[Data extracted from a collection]
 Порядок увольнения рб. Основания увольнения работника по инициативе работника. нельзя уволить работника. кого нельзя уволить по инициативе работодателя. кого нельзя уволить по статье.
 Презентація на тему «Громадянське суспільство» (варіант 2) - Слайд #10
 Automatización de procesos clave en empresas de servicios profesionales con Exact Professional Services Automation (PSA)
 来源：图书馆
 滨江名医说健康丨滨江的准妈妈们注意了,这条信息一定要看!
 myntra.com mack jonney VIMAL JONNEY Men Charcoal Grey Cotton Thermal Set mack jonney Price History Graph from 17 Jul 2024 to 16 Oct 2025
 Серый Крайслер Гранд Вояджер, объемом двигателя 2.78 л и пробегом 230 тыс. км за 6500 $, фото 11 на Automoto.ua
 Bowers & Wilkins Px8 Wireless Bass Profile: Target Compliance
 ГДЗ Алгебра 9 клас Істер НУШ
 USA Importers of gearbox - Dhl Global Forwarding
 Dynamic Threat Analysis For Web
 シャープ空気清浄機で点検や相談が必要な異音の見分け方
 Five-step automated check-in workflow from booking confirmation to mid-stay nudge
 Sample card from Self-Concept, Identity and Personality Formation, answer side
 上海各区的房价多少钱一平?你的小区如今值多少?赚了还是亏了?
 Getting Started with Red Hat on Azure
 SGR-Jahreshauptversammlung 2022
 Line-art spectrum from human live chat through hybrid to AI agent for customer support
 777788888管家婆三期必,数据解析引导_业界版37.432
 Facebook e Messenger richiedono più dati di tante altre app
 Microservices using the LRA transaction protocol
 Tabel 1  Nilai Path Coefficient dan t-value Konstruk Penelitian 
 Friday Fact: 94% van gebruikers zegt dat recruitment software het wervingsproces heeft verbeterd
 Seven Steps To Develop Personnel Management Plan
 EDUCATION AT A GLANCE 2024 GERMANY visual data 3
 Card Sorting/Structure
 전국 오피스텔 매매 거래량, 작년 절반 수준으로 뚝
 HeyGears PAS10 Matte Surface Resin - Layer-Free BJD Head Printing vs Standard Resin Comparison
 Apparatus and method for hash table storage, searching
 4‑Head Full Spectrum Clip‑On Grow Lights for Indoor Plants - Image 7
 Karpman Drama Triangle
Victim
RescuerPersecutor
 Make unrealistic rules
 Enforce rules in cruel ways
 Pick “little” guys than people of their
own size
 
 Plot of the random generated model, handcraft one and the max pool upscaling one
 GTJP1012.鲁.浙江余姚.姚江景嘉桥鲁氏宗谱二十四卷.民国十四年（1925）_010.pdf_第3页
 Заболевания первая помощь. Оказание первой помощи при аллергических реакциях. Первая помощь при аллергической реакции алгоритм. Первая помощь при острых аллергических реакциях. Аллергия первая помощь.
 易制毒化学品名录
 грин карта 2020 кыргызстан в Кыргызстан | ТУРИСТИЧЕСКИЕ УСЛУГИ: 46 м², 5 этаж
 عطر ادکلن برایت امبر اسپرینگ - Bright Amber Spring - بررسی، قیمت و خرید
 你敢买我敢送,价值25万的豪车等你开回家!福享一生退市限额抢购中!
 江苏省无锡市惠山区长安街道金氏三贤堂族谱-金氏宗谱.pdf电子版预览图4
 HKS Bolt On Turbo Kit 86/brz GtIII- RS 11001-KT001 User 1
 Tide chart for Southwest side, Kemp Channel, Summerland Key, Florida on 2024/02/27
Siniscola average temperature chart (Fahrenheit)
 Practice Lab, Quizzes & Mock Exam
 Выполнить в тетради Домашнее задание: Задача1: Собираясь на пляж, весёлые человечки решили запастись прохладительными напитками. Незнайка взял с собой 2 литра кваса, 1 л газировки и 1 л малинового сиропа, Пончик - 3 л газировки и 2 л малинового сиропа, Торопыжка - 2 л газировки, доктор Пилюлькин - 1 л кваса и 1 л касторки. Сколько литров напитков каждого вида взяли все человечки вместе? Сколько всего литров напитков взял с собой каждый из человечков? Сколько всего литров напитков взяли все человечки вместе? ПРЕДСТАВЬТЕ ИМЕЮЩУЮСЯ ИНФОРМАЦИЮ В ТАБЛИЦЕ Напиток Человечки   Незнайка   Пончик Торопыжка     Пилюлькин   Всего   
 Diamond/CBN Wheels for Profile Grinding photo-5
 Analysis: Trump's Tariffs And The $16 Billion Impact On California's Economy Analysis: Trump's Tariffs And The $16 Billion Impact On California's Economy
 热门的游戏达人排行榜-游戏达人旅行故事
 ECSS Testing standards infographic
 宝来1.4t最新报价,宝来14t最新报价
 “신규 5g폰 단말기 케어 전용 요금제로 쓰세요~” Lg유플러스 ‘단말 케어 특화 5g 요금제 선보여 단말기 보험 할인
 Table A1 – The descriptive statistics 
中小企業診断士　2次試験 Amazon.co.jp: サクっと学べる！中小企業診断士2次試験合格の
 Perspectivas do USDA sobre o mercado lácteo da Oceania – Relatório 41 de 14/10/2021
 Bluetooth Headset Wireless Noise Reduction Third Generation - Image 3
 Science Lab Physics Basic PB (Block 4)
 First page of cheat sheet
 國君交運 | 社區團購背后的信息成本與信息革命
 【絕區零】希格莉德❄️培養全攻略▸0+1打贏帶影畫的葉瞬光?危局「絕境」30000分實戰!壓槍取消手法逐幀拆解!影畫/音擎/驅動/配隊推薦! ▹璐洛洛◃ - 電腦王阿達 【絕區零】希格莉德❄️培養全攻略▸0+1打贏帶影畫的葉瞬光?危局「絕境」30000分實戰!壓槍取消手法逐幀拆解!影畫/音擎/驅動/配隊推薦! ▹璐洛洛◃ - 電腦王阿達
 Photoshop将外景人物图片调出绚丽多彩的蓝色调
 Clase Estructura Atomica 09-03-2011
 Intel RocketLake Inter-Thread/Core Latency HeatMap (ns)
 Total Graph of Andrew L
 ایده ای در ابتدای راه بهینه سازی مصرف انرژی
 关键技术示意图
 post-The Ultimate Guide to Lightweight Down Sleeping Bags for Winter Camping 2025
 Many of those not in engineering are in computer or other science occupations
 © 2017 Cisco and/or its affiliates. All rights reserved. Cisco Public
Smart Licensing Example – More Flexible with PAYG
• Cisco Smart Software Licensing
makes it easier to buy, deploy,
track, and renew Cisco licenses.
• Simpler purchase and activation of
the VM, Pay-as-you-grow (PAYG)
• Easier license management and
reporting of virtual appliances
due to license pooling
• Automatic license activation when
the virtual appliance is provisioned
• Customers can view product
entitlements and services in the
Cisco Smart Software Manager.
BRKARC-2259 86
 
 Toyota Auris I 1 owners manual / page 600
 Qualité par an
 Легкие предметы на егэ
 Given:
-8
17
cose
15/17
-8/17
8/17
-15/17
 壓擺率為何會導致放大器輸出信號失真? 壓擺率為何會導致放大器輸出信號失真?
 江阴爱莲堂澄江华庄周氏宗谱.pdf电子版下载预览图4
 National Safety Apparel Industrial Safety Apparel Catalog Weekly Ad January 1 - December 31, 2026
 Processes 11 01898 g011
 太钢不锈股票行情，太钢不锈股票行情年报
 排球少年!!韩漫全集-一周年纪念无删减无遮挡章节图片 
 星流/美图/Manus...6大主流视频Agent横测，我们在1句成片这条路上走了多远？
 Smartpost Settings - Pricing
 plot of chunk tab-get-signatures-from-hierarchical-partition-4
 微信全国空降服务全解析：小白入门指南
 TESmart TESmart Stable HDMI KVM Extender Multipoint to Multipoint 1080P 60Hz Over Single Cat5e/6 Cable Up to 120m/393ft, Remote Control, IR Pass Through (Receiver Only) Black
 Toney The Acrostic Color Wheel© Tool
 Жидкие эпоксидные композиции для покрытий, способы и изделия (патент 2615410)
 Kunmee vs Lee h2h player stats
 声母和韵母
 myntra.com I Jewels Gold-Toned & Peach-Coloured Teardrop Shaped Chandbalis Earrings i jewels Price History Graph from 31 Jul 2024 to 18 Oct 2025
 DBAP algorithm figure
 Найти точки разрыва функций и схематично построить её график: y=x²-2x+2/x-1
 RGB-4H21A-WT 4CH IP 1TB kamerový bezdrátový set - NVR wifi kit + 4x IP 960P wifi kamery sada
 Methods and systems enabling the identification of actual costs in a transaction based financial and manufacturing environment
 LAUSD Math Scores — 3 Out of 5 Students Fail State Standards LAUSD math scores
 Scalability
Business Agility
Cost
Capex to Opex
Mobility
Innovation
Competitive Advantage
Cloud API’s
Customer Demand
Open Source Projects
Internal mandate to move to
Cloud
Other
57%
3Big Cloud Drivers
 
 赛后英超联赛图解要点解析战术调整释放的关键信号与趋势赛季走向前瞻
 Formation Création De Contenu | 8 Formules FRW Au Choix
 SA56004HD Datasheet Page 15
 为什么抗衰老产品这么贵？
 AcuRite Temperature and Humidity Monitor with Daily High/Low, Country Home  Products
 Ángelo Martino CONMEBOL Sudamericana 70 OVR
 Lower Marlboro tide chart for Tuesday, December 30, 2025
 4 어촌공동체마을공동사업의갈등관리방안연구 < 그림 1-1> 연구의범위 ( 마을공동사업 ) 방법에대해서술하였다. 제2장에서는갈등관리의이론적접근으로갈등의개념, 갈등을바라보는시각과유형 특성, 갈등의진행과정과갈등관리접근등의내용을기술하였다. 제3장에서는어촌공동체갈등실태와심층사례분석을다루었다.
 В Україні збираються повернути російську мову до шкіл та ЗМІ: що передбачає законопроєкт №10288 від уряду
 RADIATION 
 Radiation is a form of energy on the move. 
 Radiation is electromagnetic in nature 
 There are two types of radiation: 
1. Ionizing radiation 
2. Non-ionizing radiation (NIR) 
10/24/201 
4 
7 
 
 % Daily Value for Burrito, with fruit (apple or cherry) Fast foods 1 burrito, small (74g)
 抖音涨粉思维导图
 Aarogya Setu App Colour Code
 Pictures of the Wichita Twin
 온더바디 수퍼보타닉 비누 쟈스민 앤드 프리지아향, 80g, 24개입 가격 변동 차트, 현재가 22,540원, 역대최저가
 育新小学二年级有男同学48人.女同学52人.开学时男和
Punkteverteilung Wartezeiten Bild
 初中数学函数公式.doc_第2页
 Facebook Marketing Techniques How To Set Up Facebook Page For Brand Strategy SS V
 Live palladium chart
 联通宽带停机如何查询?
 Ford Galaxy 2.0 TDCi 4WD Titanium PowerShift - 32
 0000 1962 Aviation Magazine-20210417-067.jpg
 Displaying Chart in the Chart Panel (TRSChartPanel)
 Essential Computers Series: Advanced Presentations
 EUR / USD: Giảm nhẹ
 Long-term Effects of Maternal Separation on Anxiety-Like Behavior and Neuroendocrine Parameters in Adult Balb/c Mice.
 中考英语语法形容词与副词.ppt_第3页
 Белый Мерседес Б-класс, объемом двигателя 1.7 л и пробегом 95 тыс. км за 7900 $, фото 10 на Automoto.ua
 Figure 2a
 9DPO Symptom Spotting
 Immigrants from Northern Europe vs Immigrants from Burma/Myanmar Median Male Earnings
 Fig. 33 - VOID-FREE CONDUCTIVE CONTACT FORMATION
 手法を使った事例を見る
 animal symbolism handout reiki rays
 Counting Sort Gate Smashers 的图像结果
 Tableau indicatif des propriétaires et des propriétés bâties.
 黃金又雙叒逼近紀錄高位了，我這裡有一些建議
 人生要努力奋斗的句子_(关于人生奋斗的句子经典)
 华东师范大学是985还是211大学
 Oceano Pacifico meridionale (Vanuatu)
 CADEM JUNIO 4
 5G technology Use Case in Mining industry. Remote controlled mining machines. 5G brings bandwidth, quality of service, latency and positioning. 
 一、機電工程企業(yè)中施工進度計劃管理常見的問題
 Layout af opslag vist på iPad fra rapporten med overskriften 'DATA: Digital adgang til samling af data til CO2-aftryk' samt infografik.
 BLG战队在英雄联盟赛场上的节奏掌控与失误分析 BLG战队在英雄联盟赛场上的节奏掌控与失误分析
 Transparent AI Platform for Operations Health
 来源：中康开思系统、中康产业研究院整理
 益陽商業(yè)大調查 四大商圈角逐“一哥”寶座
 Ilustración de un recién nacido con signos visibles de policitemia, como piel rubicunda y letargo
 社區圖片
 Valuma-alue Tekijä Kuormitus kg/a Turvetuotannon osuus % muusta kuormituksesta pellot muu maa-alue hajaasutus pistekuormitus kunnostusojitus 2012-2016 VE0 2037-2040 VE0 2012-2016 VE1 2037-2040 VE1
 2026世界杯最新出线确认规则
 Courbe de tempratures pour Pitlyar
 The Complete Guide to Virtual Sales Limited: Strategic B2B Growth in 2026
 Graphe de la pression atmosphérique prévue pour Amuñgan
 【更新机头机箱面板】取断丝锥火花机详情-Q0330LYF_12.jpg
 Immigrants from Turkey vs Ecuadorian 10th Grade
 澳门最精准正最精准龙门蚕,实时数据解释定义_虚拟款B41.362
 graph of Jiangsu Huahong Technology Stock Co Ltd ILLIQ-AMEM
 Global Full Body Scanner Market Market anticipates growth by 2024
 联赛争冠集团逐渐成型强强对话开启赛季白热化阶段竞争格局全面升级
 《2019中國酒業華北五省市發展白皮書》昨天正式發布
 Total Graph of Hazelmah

■ **EXERCISE DETAILS**: In the reply, include exactly the lines from the beginning of the entries above through the line holding "USA Importers of", and nothing besides.

■ **YOUR RESPONSE**:
 Порядок увольнения рб. Основания увольнения работника по инициативе работника. нельзя уволить работника. кого нельзя уволить по инициативе работодателя. кого нельзя уволить по статье.
 Презентація на тему «Громадянське суспільство» (варіант 2) - Слайд #10
 Automatización de procesos clave en empresas de servicios profesionales con Exact Professional Services Automation (PSA)
 来源：图书馆
 滨江名医说健康丨滨江的准妈妈们注意了,这条信息一定要看!
 myntra.com mack jonney VIMAL JONNEY Men Charcoal Grey Cotton Thermal Set mack jonney Price History Graph from 17 Jul 2024 to 16 Oct 2025
 Серый Крайслер Гранд Вояджер, объемом двигателя 2.78 л и пробегом 230 тыс. км за 6500 $, фото 11 на Automoto.ua
 Bowers & Wilkins Px8 Wireless Bass Profile: Target Compliance
 ГДЗ Алгебра 9 клас Істер НУШ
 USA Importers of gearbox - Dhl Global Forwarding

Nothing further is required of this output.